In regard to thesis (1.), Butler argues that in most of the world, including the United States, many if not all parts of Europe, most of the Middle East, Africa, South Asia and Latin America, it is hard to discern the divorce between religion and politics. In regard to thesis (2.) he argues, it is not at all clear that decline in belief typifies the United States, Latin America, the Middle East, or South Asia. Butler acknowledges there have been shifts with such things as the rise of conservative Protestantism, Pentecostalism (in Latin America) and decline in mainline denominations and “irritation” of traditional Catholicism.

Butler’s main argument is in regard to thesis (3.). He argues that Taylor has not made it clear for whom “conditions of belief” have changed, not accounting for the experience of ordinary people. In Butler’s critique, Taylor tends to slide unnoticeably between the realm of ideas (the realm of intellectuals) and experience (a shared imagination), blurring the difference. He suggests a category between or beyond belief and unbelief, namely “religious indifference.” At a time when public disbelief might result in punishment or death, of course, most everyone is going to profess belief, but this may hide indifference. “After the formal Christianization of the Roman Empire and well into the early modern period, unbelief and behaviors seemingly supportive of unbelief became criminal. Paganism and heresy; not just atheism, brought gruesome punishment and death. Long before Luther or Calvin, Church and government tortured, burned, and executed critics and reformers.”[3] The Church and its political backers had to resort to force and authority to sustain Christian belief long before the 1500’s, as belief did not seem to be nearly as irresistible as Taylor imagines. Apparently, it was not “virtually impossible not to believe.”  

A wide variety of literature demonstrates, in Butler’s account, that “the Church needed the support of secular authorities to sustain even a tentative, if also powerful, hold on the religious commitment of ordinary people before 1500. Rather than belief being axiomatic, as Taylor argues, it was contingent and threatened from inside as well as outside.”[4] Belief, however, was not primarily challenged by unbelief, according to Butler, as unbelief speaks of actually caring about religion. Isn’t it as Max Weber argued, that just as some are not musically inclined most may not be religiously inclined, one way or another? “In highly different ways, Taylor misses something important about ordinary religious practice—that indifference, born of many different causes, may be more important to difficulties faced by religion in many ages, including the ages Taylor insists were axiomatic for religion in the West, than unbelief and the formal expressions of irreligion that attract great thinkers.”[5]

Taylor’s project may accurately trace the history of ideas and the thoughts of intellectuals and those working within a philosophical tradition, but this does not necessarily capture the experience of the majority.

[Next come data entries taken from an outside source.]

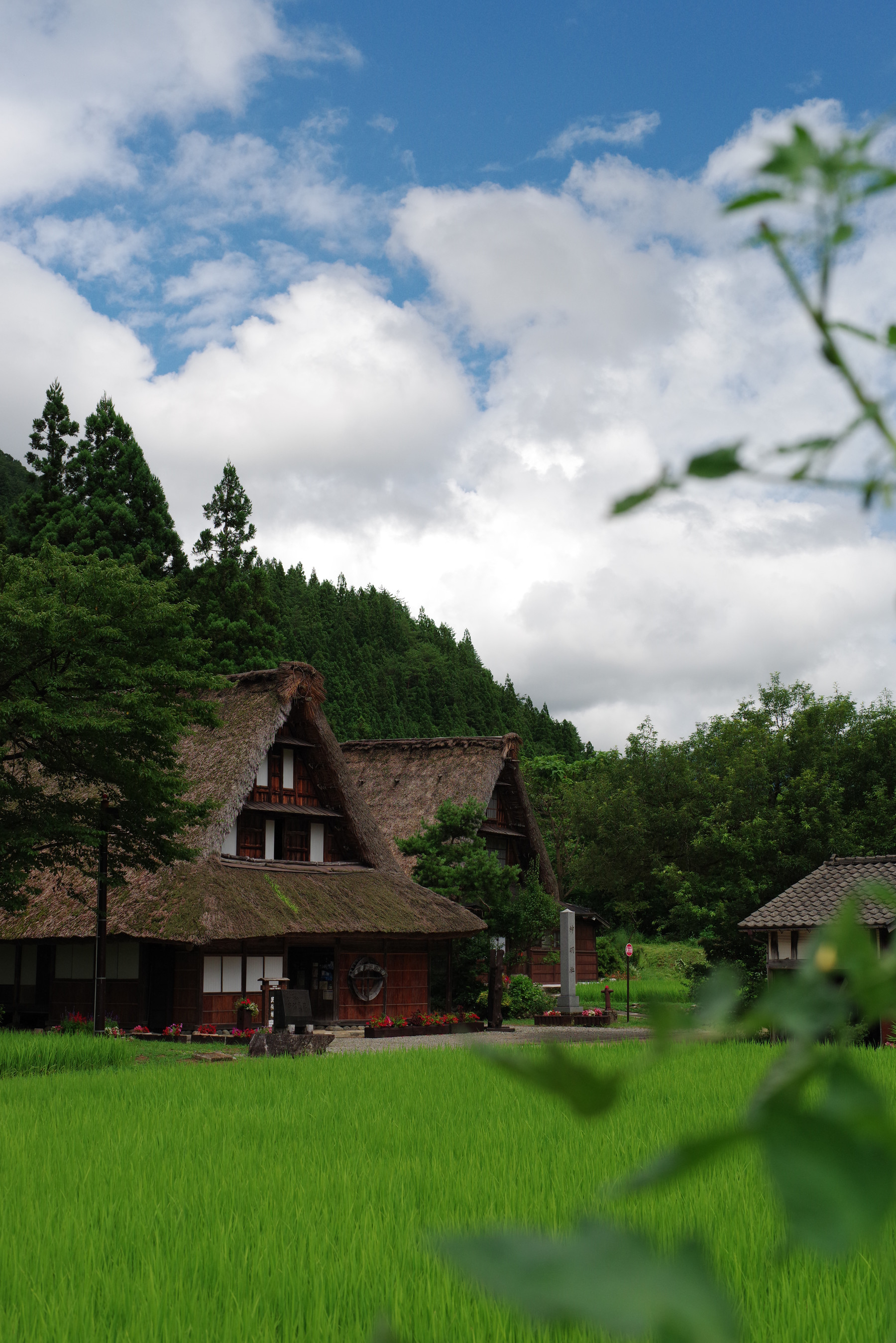 PENTAXで切り取る世界遺産 ─ 五箇山集落とその周辺（富山県南砺市）の写真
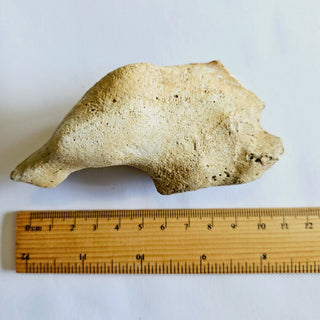 Thalassina Squamifera Fossil Mud Lobster Scorpion, Aust Genuine Gemstone 200g H1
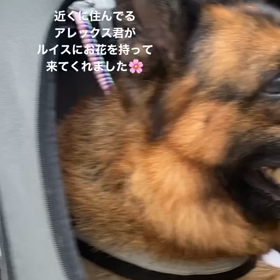 2023/09/23の画像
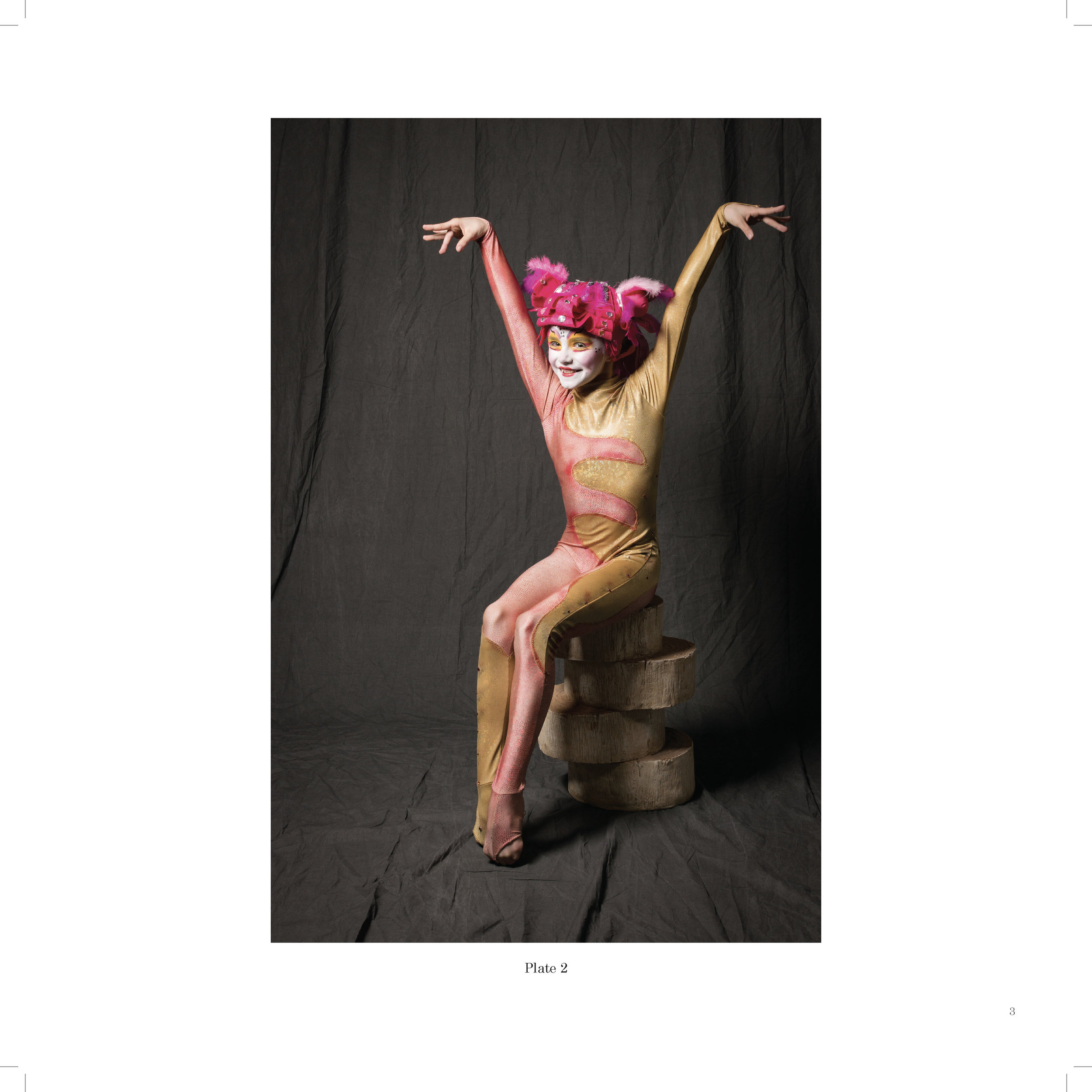 LePetitCirque-InteriorV3_Page_015.jpg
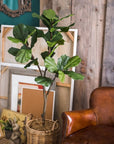 Fiddle Leaf Tree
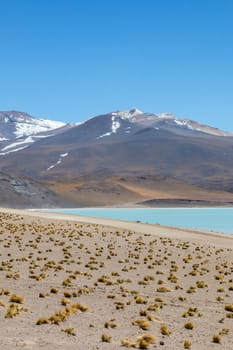 Atacama Desert, Chile. Salar Aguas Calientes. Lake Tuyacto. South America.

Of course, belief; unbelief; and skepticism have been the stuff of philosophical argument for centuries. But at best, indifference receives little attention and even less analysis. It shows up mainly in accounts of ordinary beliefs, attitudes, and behavior and usually in brief discussions of lay absence from religious observance, whether formal, as in church or synagogue or mosque services, or informal, as in discussion of popular leisure or otherwise ‘secular’ culture. Typically, absence, and certainly indifference, are noted, often with some alarm, but little dissected.[6]

Part of what is at stake in the reading of secularity, is what to make of the supposed post-secular. If the secular was equated with a detached rationalism, mind/body dualism, individualism, the privatization of religion (connected to individualism), and these modern categories are now collapsing in the post-modern age, does this mean there is an opening for religion and God? Or in fact, is the indication (with Butler and others) that there was always something else, perhaps something deeper at work, which secularism and its critique only touch upon? If this is the case, then the emergence of the religious in this post-secular age, raises questions about what this might mean.

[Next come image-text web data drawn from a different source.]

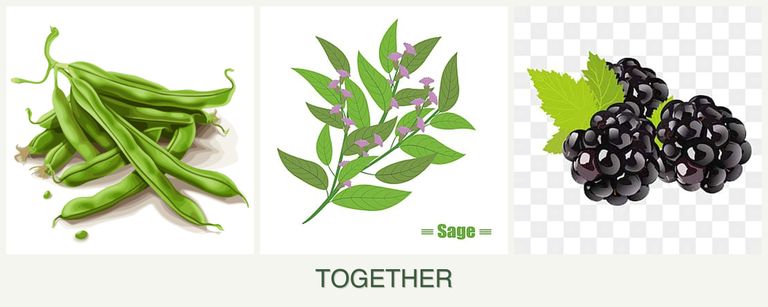 Can you plant beans, sage and blackberries together?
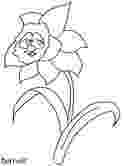 daffodil color daffodil coloring pages download and print daffodil daffodil color 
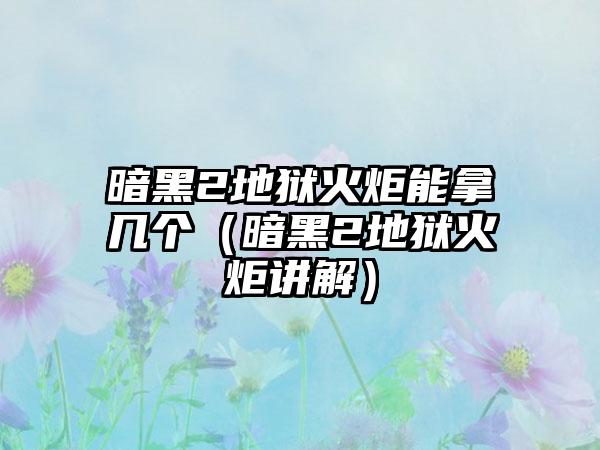 暗黑2地狱火炬能拿几个（暗黑2地狱火炬讲解）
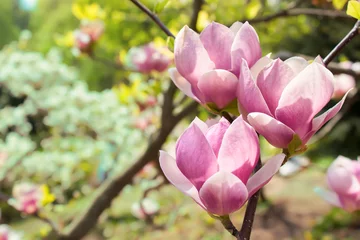 Fotobehang bloeiende magnoliaboom © katyamaximenko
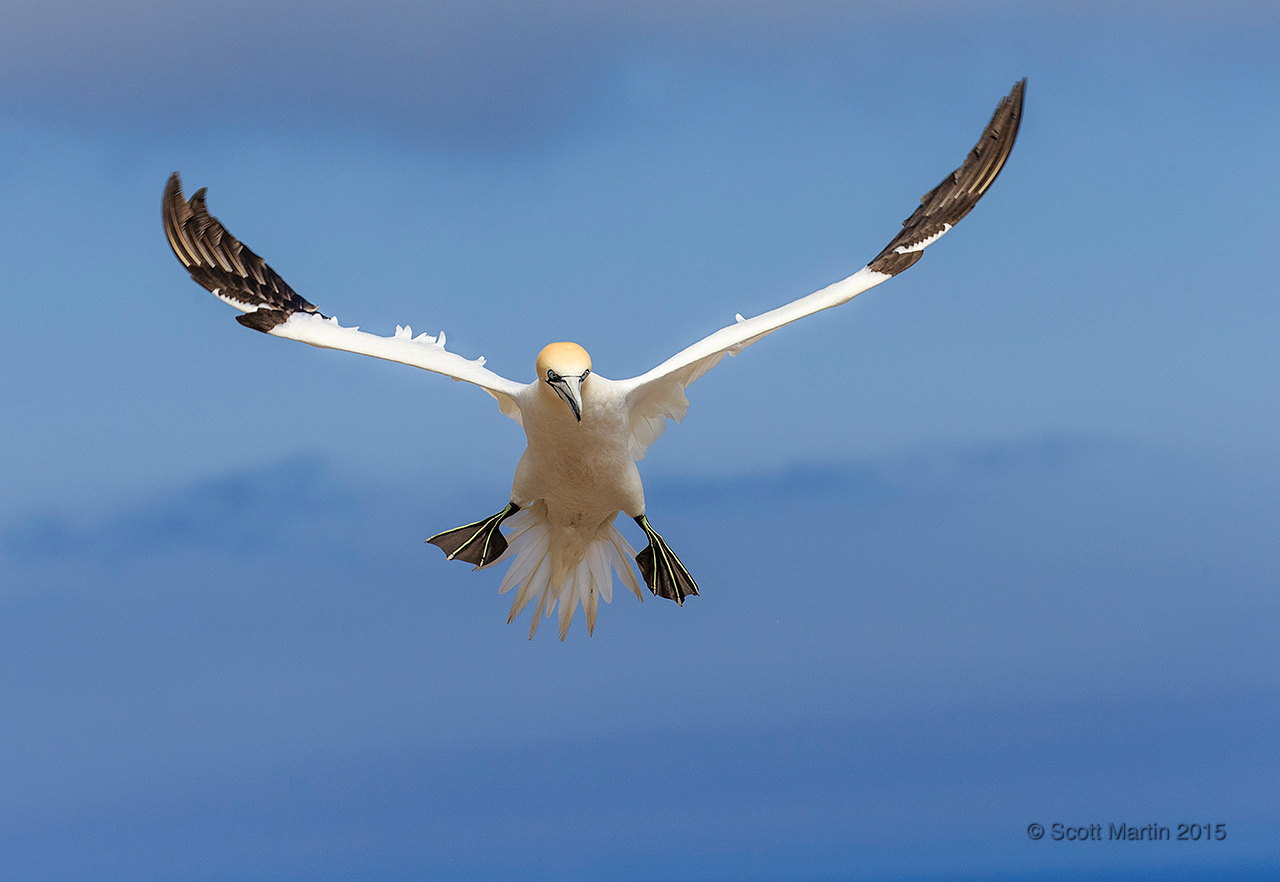 Gannets_1790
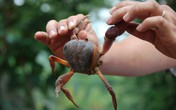 Ăn phải cua đá, một bé trai tử vong tại chỗ Ăn phải cua đá, một bé trai tử vong tại chỗ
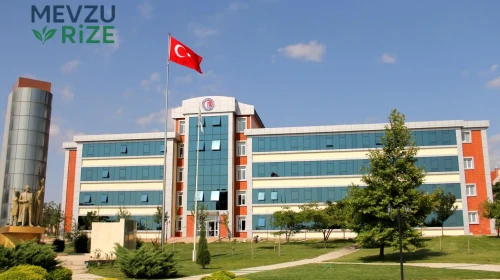 Çanakkale Onsekiz Mart Üniversitesi (ÇOMÜ) 2026 Tercih Rehberi: Taban Puanları (Son 4 Yıl) Başarı Sıralamaları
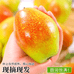 中野水果甄选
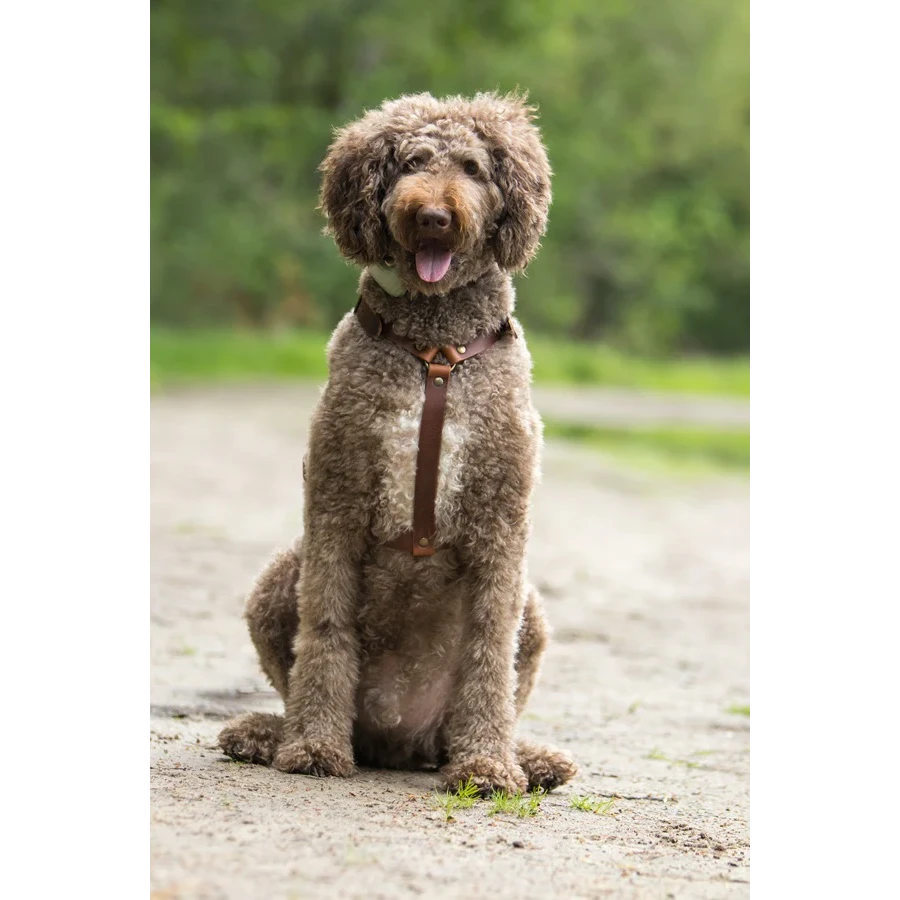 Harnais Y pour chien en cuir – NO CHICHI Brun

In a Pauline critique of the human predicament, the shared human problem is not irreligion, levels of religious belief, or the possibility of believing otherwise (Taylor’s secularization thesis). In spite of the Protestant notion that belief or unbelief is fundamental, which in turn has given rise to conceptions of the secular (with its notions of various dualisms and private religion), Paul does not locate the fundamental human problem with religion/irreligion or belief and unbelief. For Paul the fundamental human problem is bondage to deception due to the orientation to the law. Whether the law is from God, from nature, or from the angels, is not Paul’s concern, but the problem is this symbolic order, taken as primary, creates a gap, alienating humans from God and enslaving them to a lie. The law is not itself the problem, but the primacy given to the law. This law, or symbolic order, might be connected to the Jewish law, though Paul is specifically arguing this is not simply a Jewish problem but the human problem. In turn, the divisions and dualisms that mark every human (Jew/Gentile, slave/free, male/female) due to their entanglement with various symbolic orders, are addressed by Jesus Christ.

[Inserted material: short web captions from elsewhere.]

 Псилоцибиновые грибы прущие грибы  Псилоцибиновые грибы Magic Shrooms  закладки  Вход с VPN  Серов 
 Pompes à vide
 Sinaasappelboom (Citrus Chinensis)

Slavoj Žižek and Jacques Lacan are among those who recognize that Paul is engaging a universal and fundamental predicament, in which the human Subject is structured by this orientation. Lacanian theory is committed to the “reality” of Paul’s description of the problem, eschewing Paul’s picture of the solution in Jesus Christ. The result of this orientation, in Paul’s description, is not unlike the isolated individualism, the evacuation of the reality of God, and the creation of a polity (the city of man, this dark world, the principalities and powers) described in Taylor’s version of the secular. None of which is to deny the value of Taylor’s project, and is even an affirmation of several of the fundamental trues he has hit upon. It is simply to qualify and set this understanding in a larger frame, along with Butler, to suggest that the impetus behind the modern shares a genealogy that is universal.

The danger is that to isolate the secular as a peculiar epoch in human history, is to pit the secular against the religious in a dialectic that is not only factually wrong, but misses the manner in which the symbolic, be it sacred or secular, displaces the divine reality. That is, the conception of secularism may be the peculiar thing about the secular, and not the underlying reality called secularism. This concept is lent a force that characterizes the human tendency to assign primacy to the law or the symbolic. The danger is in reifying the secular as if it has the power claimed on its behalf, as if it is the law ordering human reality.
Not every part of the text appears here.